*Data excerpts*.

◆ ◆ ◆

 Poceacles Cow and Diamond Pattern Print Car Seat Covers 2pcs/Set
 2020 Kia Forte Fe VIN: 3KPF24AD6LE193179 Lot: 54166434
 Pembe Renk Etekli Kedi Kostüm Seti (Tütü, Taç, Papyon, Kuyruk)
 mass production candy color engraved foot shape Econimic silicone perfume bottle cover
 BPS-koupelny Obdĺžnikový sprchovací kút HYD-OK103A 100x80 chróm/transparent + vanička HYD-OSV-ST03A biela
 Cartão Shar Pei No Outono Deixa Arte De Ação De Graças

◆ ◆ ◆

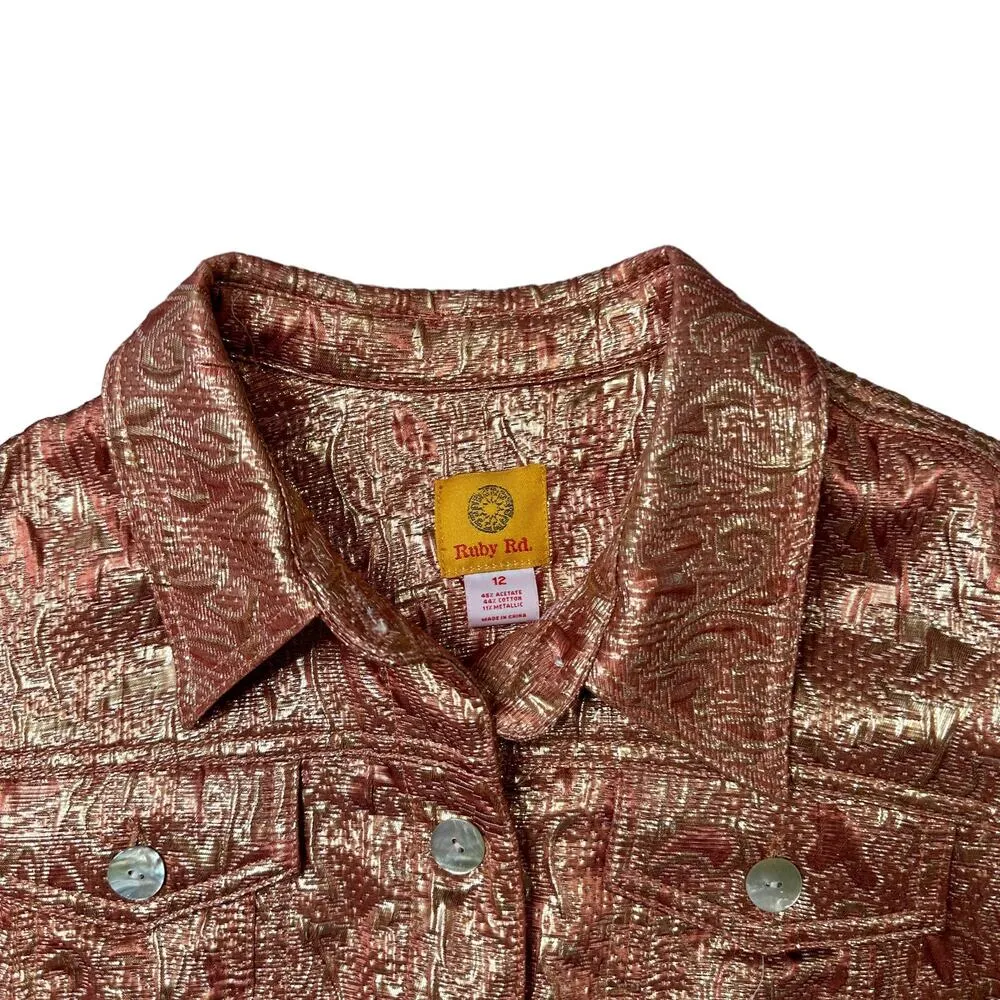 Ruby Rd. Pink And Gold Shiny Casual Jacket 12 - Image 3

◆ ◆ ◆

*Work request*. From the data above, return every line from the line that has "Poceacles Cow and" up to and including the line that has "Cartão Shar Pei", exactly.

*Answer space*.
 Poceacles Cow and Diamond Pattern Print Car Seat Covers 2pcs/Set
 2020 Kia Forte Fe VIN: 3KPF24AD6LE193179 Lot: 54166434
 Pembe Renk Etekli Kedi Kostüm Seti (Tütü, Taç, Papyon, Kuyruk)
 mass production candy color engraved foot shape Econimic silicone perfume bottle cover
 BPS-koupelny Obdĺžnikový sprchovací kút HYD-OK103A 100x80 chróm/transparent + vanička HYD-OSV-ST03A biela
 Cartão Shar Pei No Outono Deixa Arte De Ação De Graças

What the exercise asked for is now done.